Learning Dynamic Scene Reconstruction with Sinusoidal Geometric Priors
Tian Guo, Hui Yuan, Philip Xu, David Elizondo
TL;DR
SirenPose tackles dynamic 3D scene reconstruction from monocular video by introducing a loss that fuses SIREN's high-frequency activations with geometric priors on keypoints. The approach formalizes a CAPE-SirenPose objective that captures both global structure and rapid motions, while enforcing spatial-temporal keypoint consistency through a specialized loss and optimization strategy. A large-scale expansion to 600k annotated instances supports robust learning, and experiments on DAVIS demonstrate significant gains in spatiotemporal coherence and geometric accuracy over prior methods.
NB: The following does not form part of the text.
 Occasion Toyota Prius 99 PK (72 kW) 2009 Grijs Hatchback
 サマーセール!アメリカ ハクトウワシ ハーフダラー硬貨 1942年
The method advances dynamic scene understanding with potential impact on augmented reality, robotics, and high-fidelity motion analysis in challenging, fast-moving scenes.
Abstract
We propose SirenPose, a novel loss function that combines the periodic activation properties of sinusoidal representation networks with geometric priors derived from keypoint structures to improve the accuracy of dynamic 3D scene reconstruction. Existing approaches often struggle to maintain motion modeling accuracy and spatiotemporal consistency in fast moving and multi target scenes. By introducing physics inspired constraint mechanisms, SirenPose enforces coherent keypoint predictions across both spatial and temporal dimensions. We further expand the training dataset to 600,000 annotated instances to support robust learning. Experimental results demonstrate that models trained with SirenPose achieve significant improvements in spatiotemporal consistency metrics compared to prior methods, showing superior performance in handling rapid motion and complex scene changes.